From the previous estimate of P255,000, the damage wrought by Typhoon “Egay” (international name: Doksuri) on the essential agriculture sector has gone up to P53.1 million as of Thursday, with the Department of Agriculture (DA) saying it expects the figure to further go up in the coming days.
“Definitely, we are expecting the amount to increase in the succeeding hours and days as our ground personnel are going around and gathering reports on the damage caused by the typhoon. We are validating other reports already,” Agriculture Assistant Secretary Arnel de Mesa said.

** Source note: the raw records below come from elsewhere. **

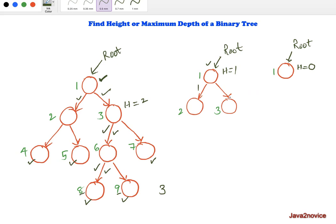Now, how does maximum depth relate to the height of a tree? Depth is the number of edges in the longest path from the root node to a given node. For example, the depth of a node one level below root is 1. The depth of node number 4 — two edges from the root — is 2.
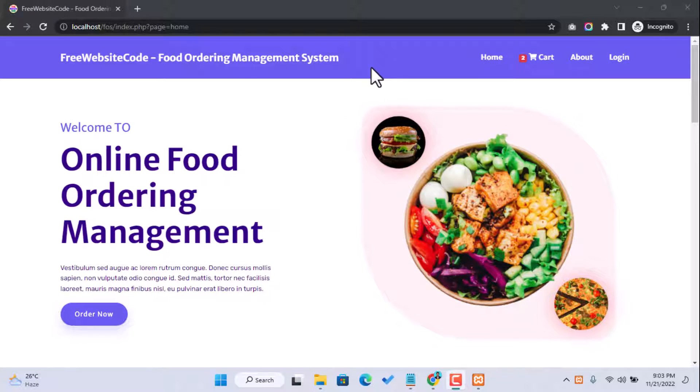Assalamu alaikum everyone, welcome to Free Website Code YouTube channel. Today we are going to share a full-stack online food ordering management system project using PHP and MySQL.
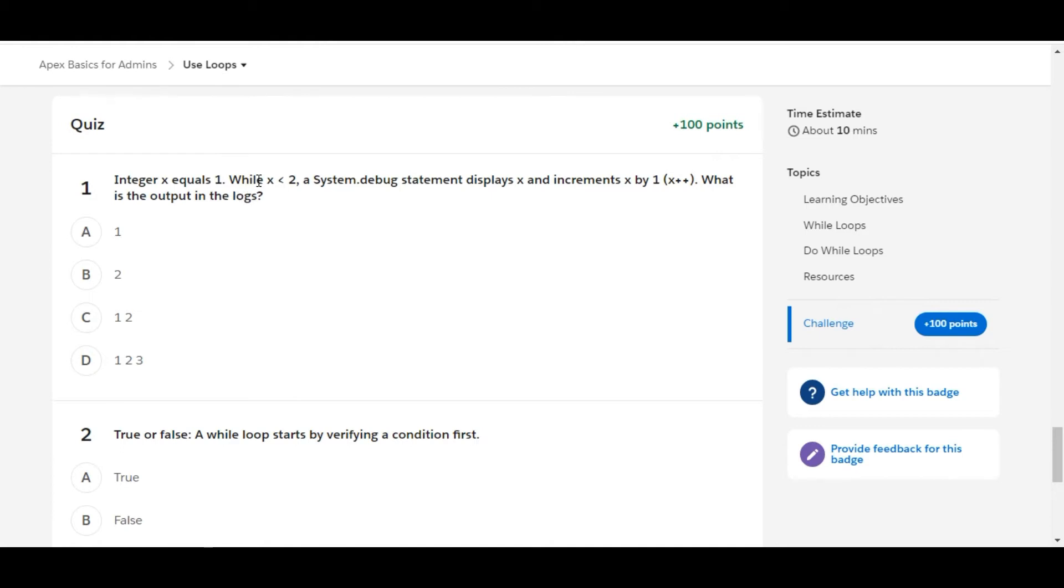In the first iteration the value of x will be 1. The condition 1 less than 2 will get satisfied and a system.debug statement will get displayed with the value of x is 1. Later it will increment the value of x by 1.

Based on a DA bulletin, the typhoon affected 2,303 farmers in the following regions: Cordillera; Calabarzon (Cavite, Laguna, Batangas, Rizal and Quezon provinces); Mimaropa (Mindoro Oriental and Occidental, Marinduque, Romblon and Palawan provinces) and Caraga (Agusan del Sur and Norte, Surigao del Sur and Norte provinces, and Dinagat Islands). The volume of production loss was estimated at 1,871 metric tons spanning 3,185 hectares of agricultural areas. Affected commodities included rice, corn, livestock and poultry with the values subject to validation.
Among the subsectors, corn recorded the largest damage at P31.1 million—equivalent to a volume loss of 1,837 MT and an area of 1,176 ha. Next was rice at P20.8 million and livestock and poultry at P1.2 million.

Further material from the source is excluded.